- _Information supplied_
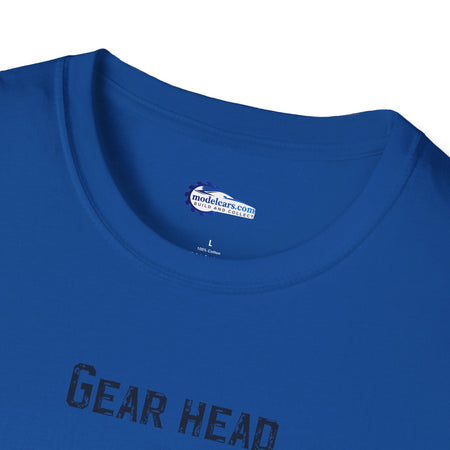 Gear Head Vintage T-Shirt - Text Design + Graphic-Modelcars.com-ModelCars.com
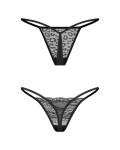 Dámske sexy tangá Clara 2-Pack black - Obsessive L/XL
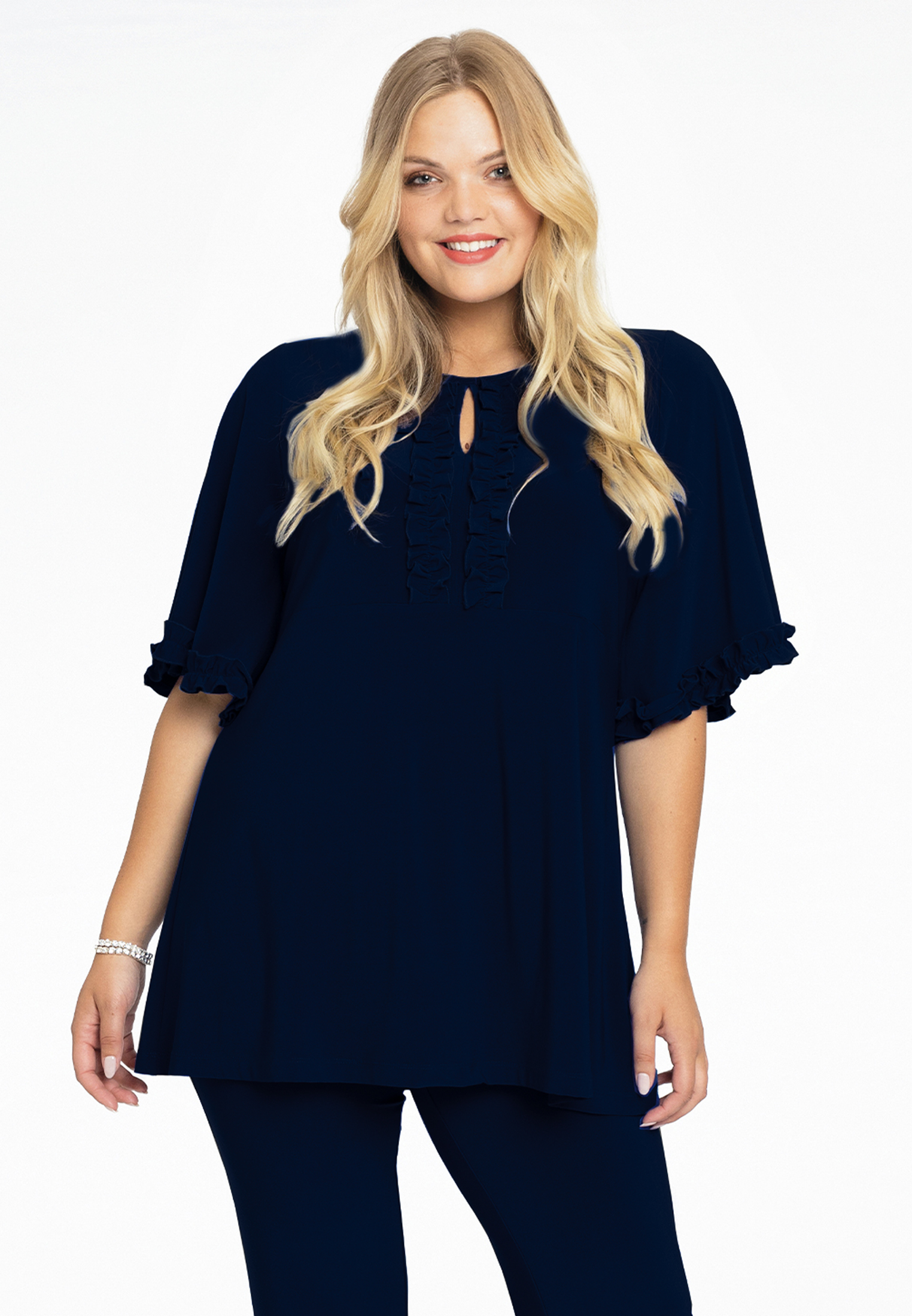 Tunic flare frilled sleeves DOLCE
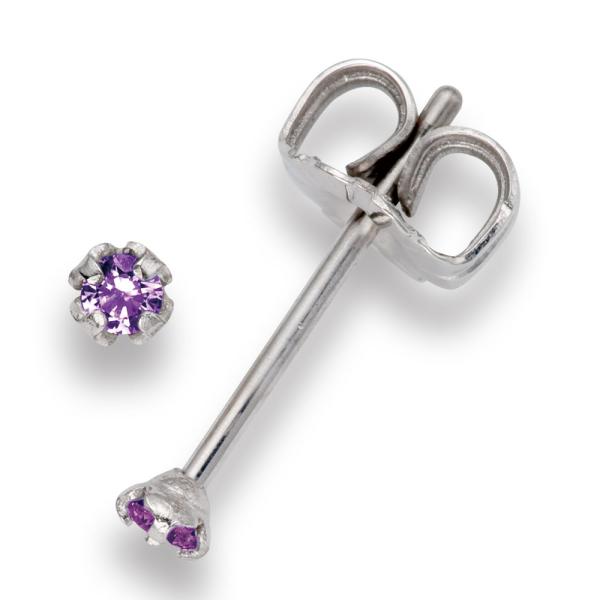 【MARE】ピアス　Pure Brilliance Cut　2ｍｍ CZ+PT/IP 60.Amet...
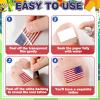 2026 World Soccer Sport Cup Fan Gear Set 2026 Patriotic Soccer Fan Accessories USA National Team Fans Kit Game Day Whistle Flag Tattoo Headband Garland Kit for Football Fans Gift Parades Supplies view 4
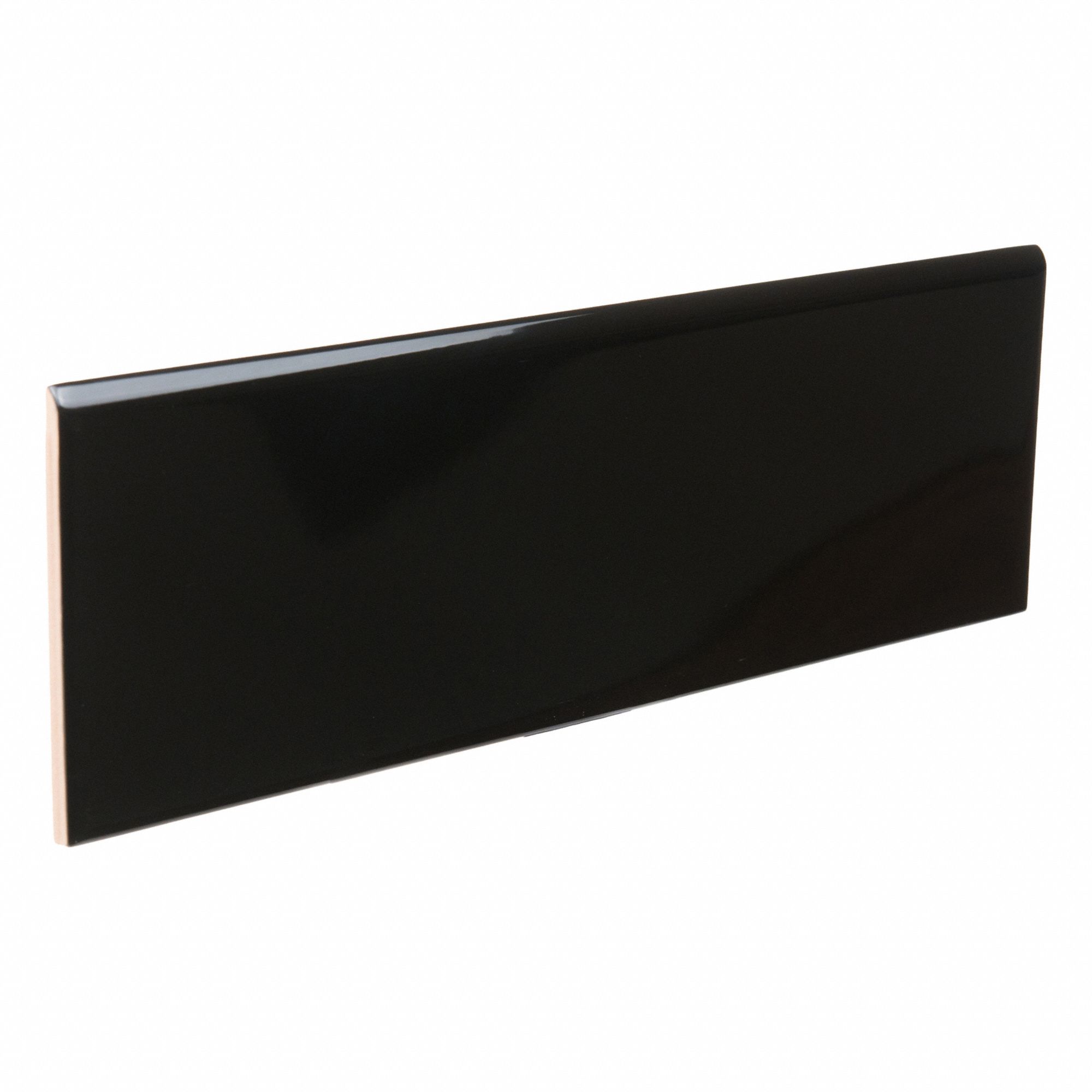 Wall Tiles: Gloss, One of a Kind, Bullnose, Trim, Ceramic, 11 7/8 in Tile Lg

- _Try it_
"Dámske sexy tangá" marks the first line to be returned; return exactly that line and every line after it through the last line of the listing, omitting pictures.

- _Your response_
 Dámske sexy tangá Clara 2-Pack black - Obsessive L/XL
 Tunic flare frilled sleeves DOLCE
 【MARE】ピアス　Pure Brilliance Cut　2ｍｍ CZ+PT/IP 60.Amet...
 2026 World Soccer Sport Cup Fan Gear Set 2026 Patriotic Soccer Fan Accessories USA National Team Fans Kit Game Day Whistle Flag Tattoo Headband Garland Kit for Football Fans Gift Parades Supplies view 4
 Wall Tiles: Gloss, One of a Kind, Bullnose, Trim, Ceramic, 11 7/8 in Tile Lg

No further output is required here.